The Qashqai+2 is being dropped from future line-ups, so buyers wanting seven-seat practicality will be encouraged to go for the X-Trail. If they do so they'll end up with a neat but large SUV that carries a particularly strong headlight and grille treatment at its front end, including extensive chrome strips and daytime running lights.
The X-Trail runs in front-wheel drive most of the time, but it can switch to four-wheel drive if conditions get slippery (and you can lock it into that set-up if you know you're going to need extra grip).
The car features some neat practical touches, such as wide-opening rear doors and a split-height boot floor that allows you to store a stroller and still have a flat space for shopping above it.
It all added up to one of Frankfurt's most significant production launches. The biggest obstacle, in fact, could be the absence of the Qashqai name that has been such a huge hit in British dealerships. Nissan obviously believes that X-Trail's greater practicality will win it customers who want more space than that offered by even the new Qashqai.
Amid the hullaballoo over its admittedly pretty S-Class Coupe concept and the fact that a lightly modified S-Class had just driven itself over a 70-mile route in Germany, it was easy to forget that Mercedes did give a production car its debut: the GLA.
The GLA is a beefed-up version of the popular new A-Class, although it is pushing it slightly to call it an SUV; think of it as an 'A6 Allroad' take on the family hatchback instead of a full-blown off-roader and you won't be far wrong.
In any case, we'd expect the GLA to have considerable showroom appeal when it goes on sale in December.
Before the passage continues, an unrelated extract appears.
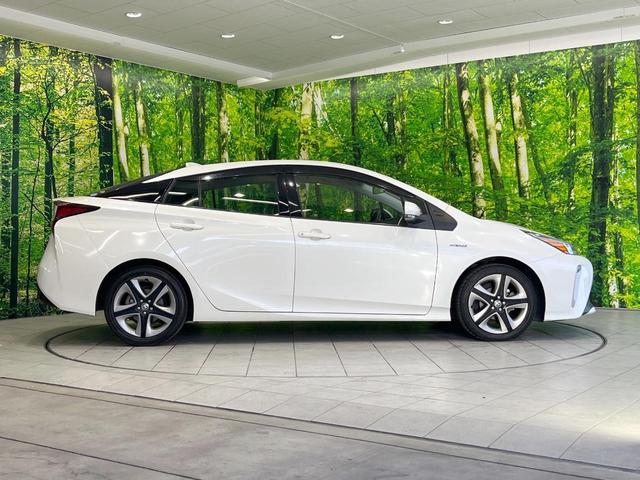 プリウス Ｓツーリングセレクション　純正ＳＤナビ　バックカメラ　衝突被害軽減システム　レーダークルーズ　禁煙車　シートヒーター　コーナーセンサー　スマートキー　ＬＥＤヘッド　ビルトインＥＴＣ　純正１７インチアルミ　オートハイビーム（24枚目）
It's not too long to be cumbersome (4.4 metres) and you do get that slightly elevated driving position that's proven so popular in recent years.
The engine line-up will be familiar to anyone who's looked closely at the latest A-Class, with a choice of four-cylinder petrol and diesel engines, and should you want your GLA to have greater ability when the going does get slippery, four-wheel-drive versions will be available.
The only question mark could be how the car rides; we've been critical of the comfort offered by its sister models, the A-Class, B-Class and CLA. However, we'd still expect anyone in the market for an Audi Q3 and BMW X1 to give this new rival a second look.